*** EXERCISE MATERIALS ***

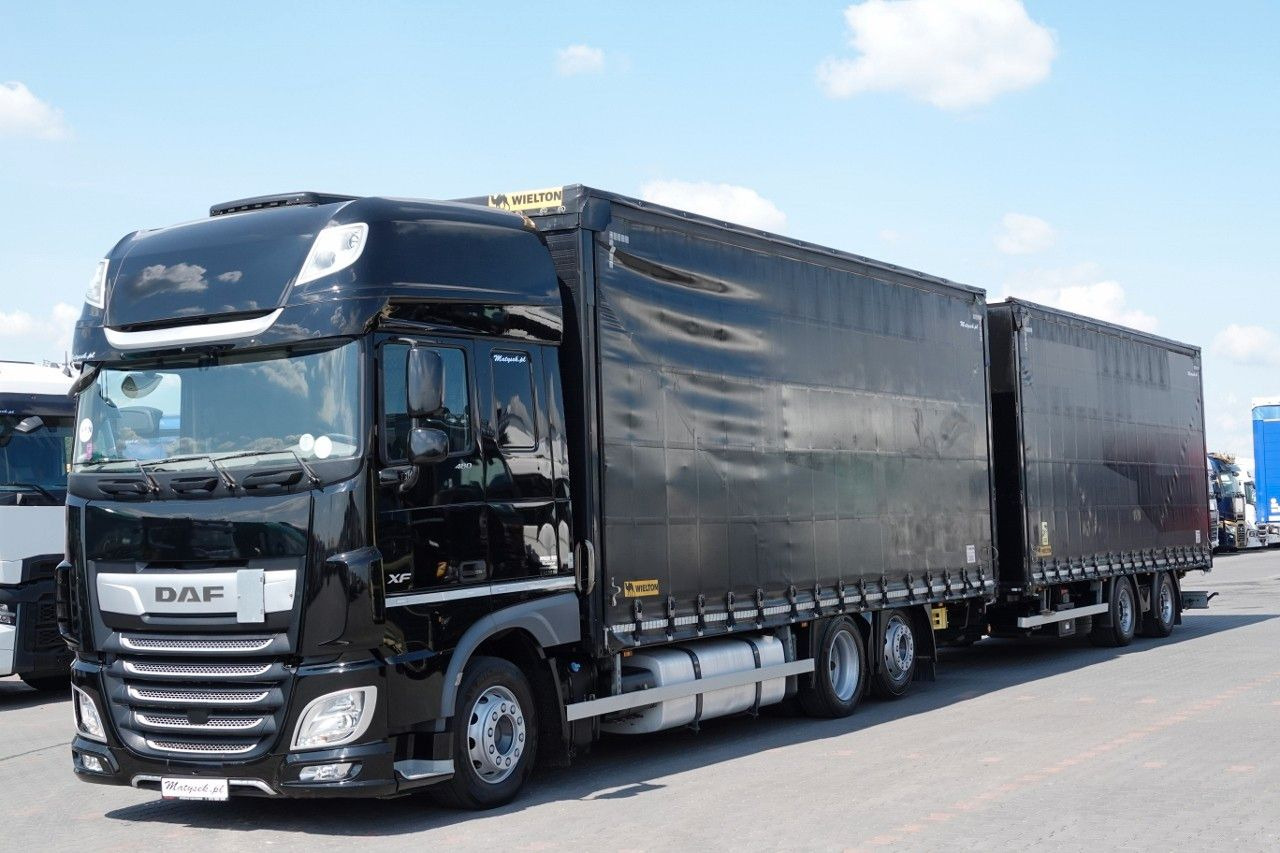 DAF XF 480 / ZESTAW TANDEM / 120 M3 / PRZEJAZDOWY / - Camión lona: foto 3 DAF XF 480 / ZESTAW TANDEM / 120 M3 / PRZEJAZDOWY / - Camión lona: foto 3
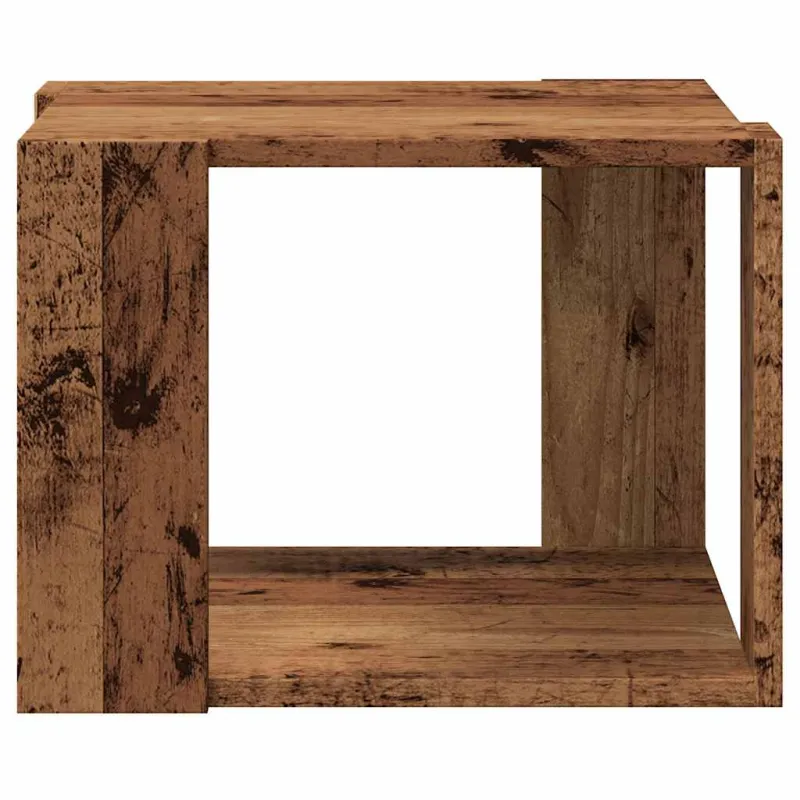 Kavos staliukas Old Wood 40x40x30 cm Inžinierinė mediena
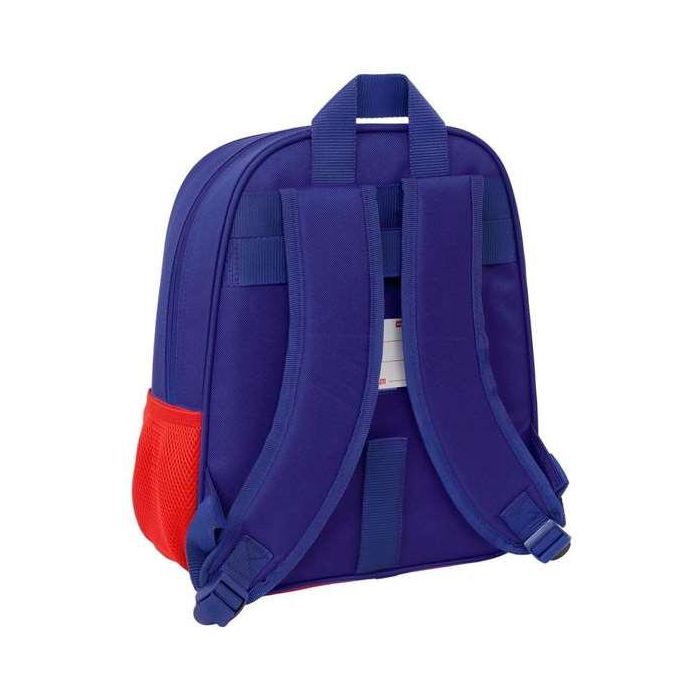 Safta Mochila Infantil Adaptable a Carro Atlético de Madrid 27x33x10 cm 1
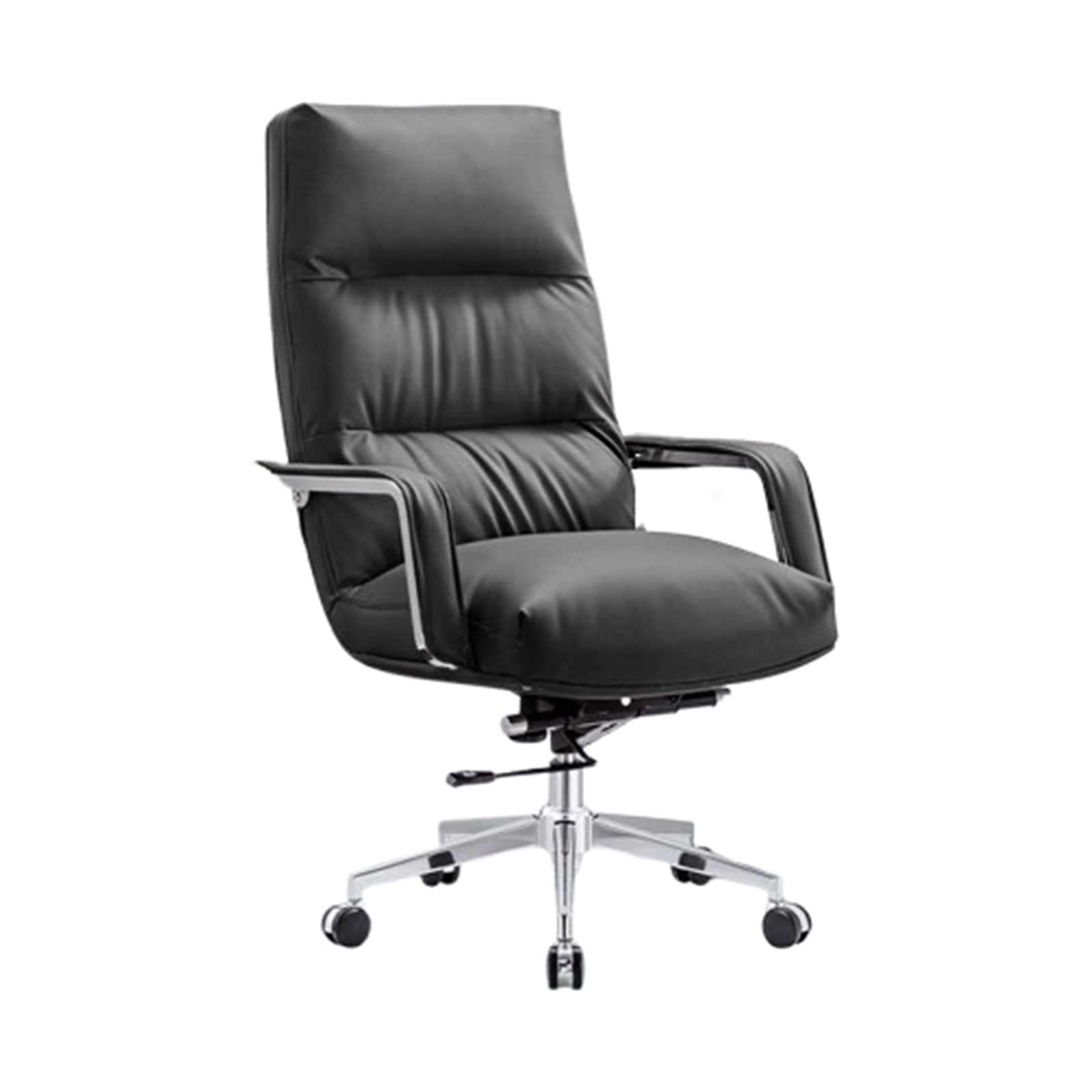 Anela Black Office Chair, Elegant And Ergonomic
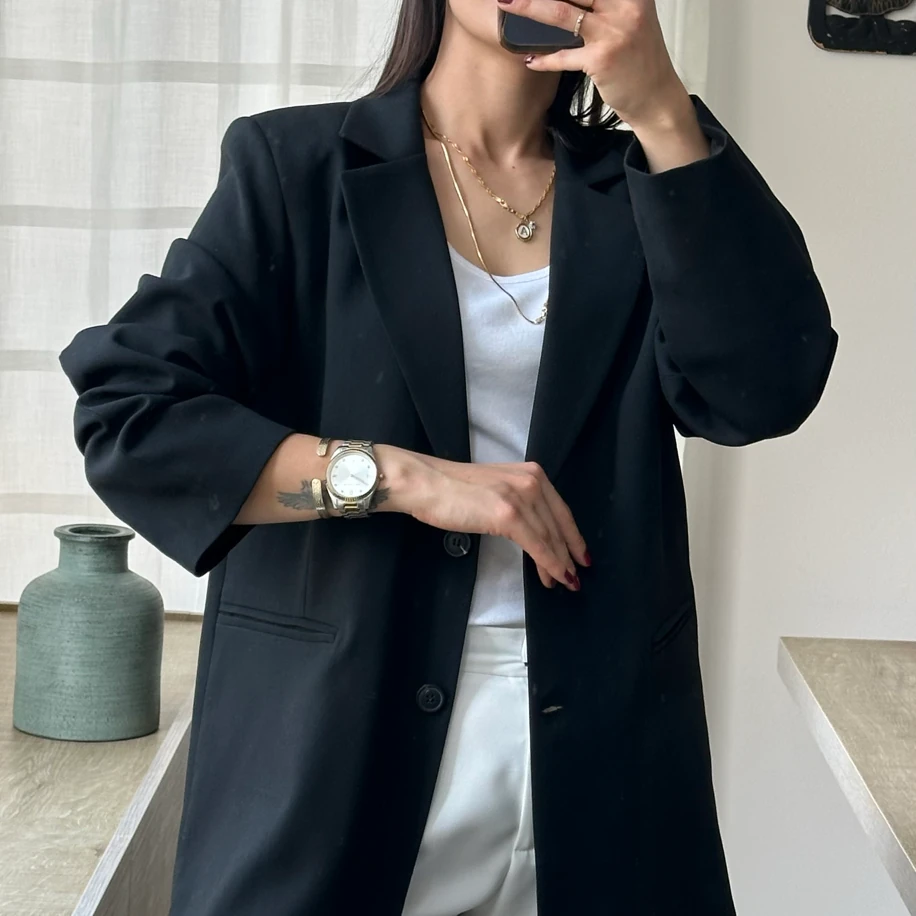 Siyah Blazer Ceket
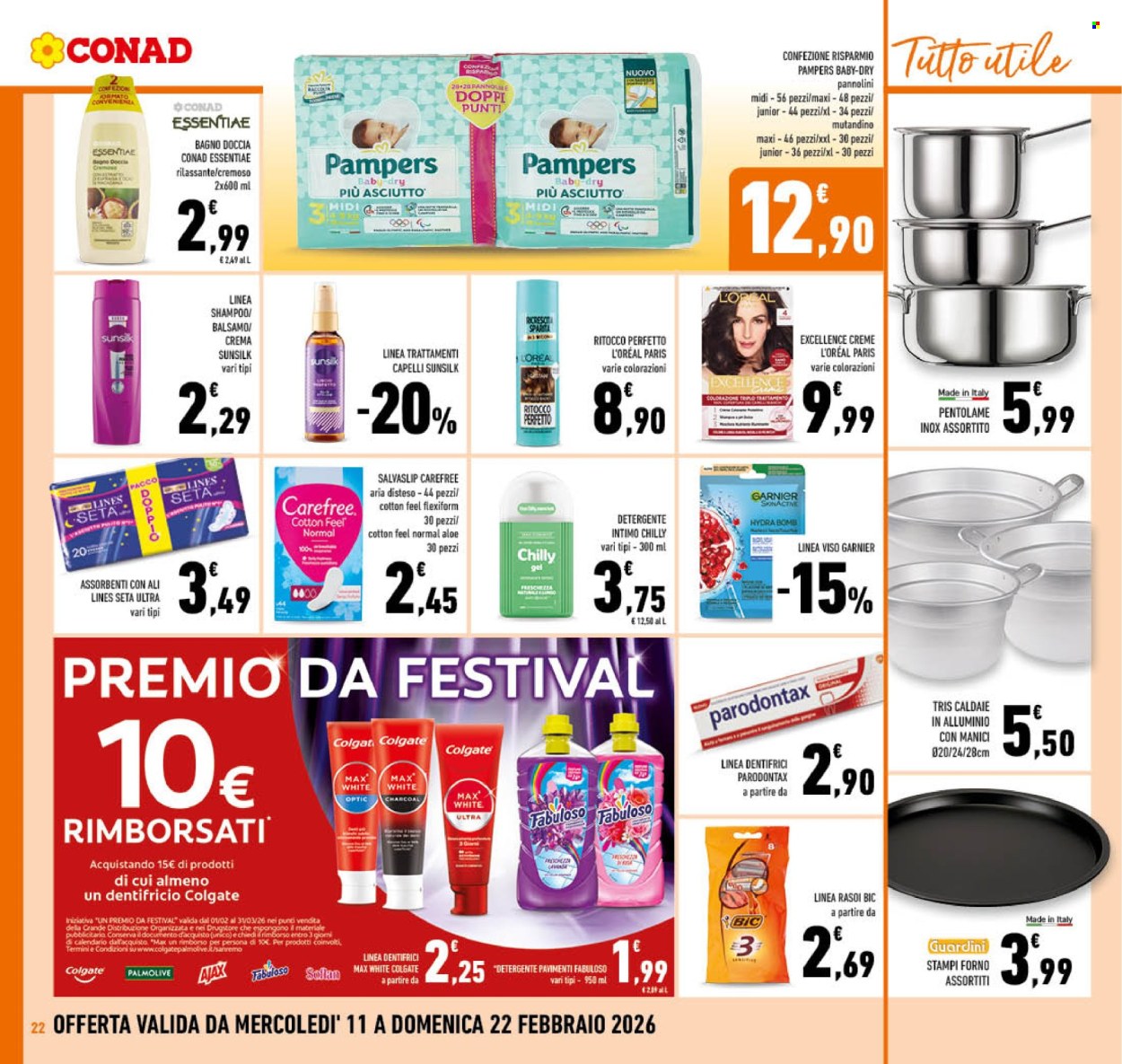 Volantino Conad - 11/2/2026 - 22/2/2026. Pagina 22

*** End of EXERCISE MATERIALS ***

Beginning at the line that holds "Kavos staliukas Old" and ending with the last line of the entries, please set down each line exactly, leaving every picture out.

*TASK ANSWER*:
 Kavos staliukas Old Wood 40x40x30 cm Inžinierinė mediena
 Safta Mochila Infantil Adaptable a Carro Atlético de Madrid 27x33x10 cm 1
 Anela Black Office Chair, Elegant And Ergonomic
 Siyah Blazer Ceket
 Volantino Conad - 11/2/2026 - 22/2/2026. Pagina 22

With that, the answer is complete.